PROVIDED ENTRIES —
BEGIN

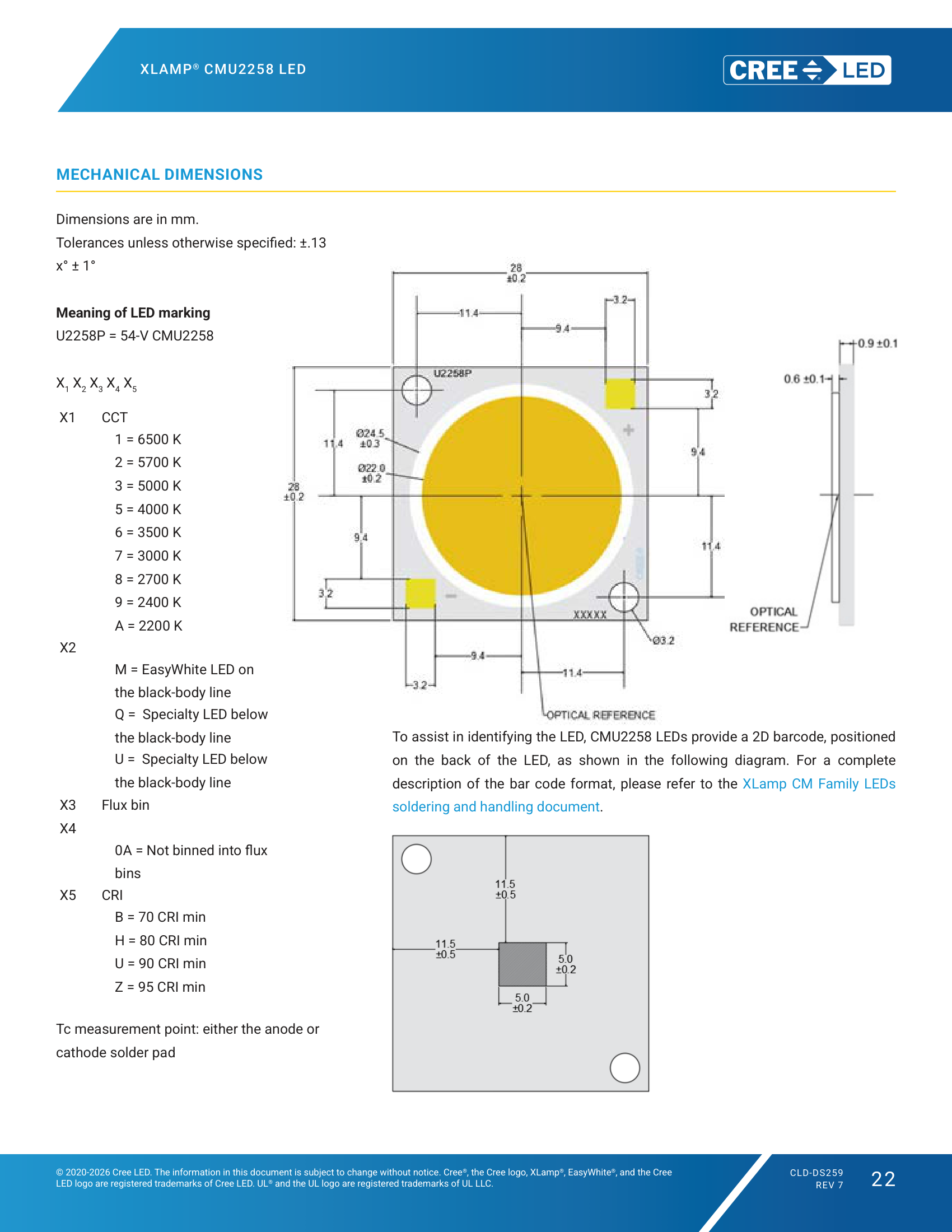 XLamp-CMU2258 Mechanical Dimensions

END
BEGIN

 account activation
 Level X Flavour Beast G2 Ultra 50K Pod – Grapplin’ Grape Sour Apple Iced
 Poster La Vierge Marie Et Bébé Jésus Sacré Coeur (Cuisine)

END

TASK BRIEF — Please give an exact copy of the entries above, from the line with "Level X Flavour" down to the line with "Poster La Vierge", inclusive, and nothing else.

SOLUTION BELOW —
 Level X Flavour Beast G2 Ultra 50K Pod – Grapplin’ Grape Sour Apple Iced
 Poster La Vierge Marie Et Bébé Jésus Sacré Coeur (Cuisine)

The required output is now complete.